Should our intentions conform to the consistency requirement on this count? To address this question, a clear formulation of the consistency requirement is needed. We propose three alternative readings of Bratman’s (2009b) consistency requirement and dispute the claim that conformity to any of these consistency requirements is essential for a successful planning system. The three consistency requirements are neither too weak nor too strong; instead, they miss the mark on a more fundamental count: they fail to facilitate the successful guidance of our actions. This proves our main claim: one can be rational despite having mutually inconsistent intentions.

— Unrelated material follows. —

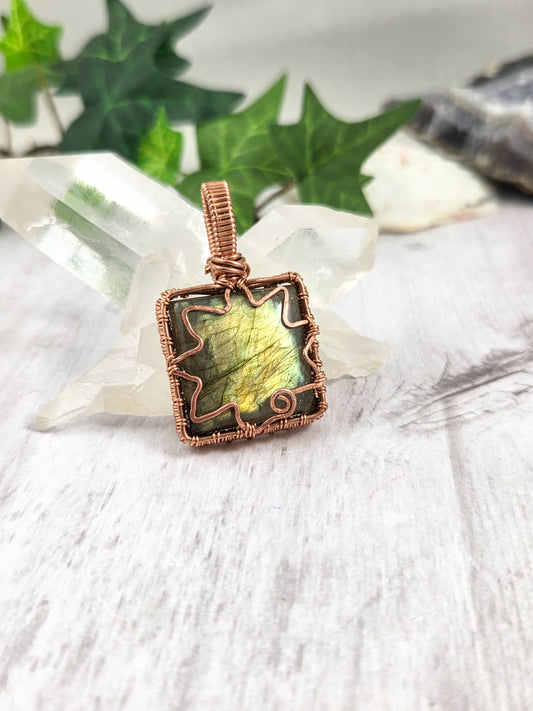 Beautiful Wire Wrapped Sun Yellow-Green Labradorite Pendant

So which norms should our intentions respect? We argue that a different type of norm is required. To see this, we start by reconsidering the characteristic commitment of our intentions. Bratman (1987, p. 33) writes that an agent’s intentions provide a “filter of admissibility” for the available options. Because each intention induces an unconditional commitment, every one of the agent’s intentions provides such a filter of admissibility for her available options.Footnote 3 We submit that an agent’s body of intentions facilitates successful operation when those intentions are able to simultaneously and unconditionally guide her actions, that is, when there is an action available that survives the filtering induced by each of her intentions.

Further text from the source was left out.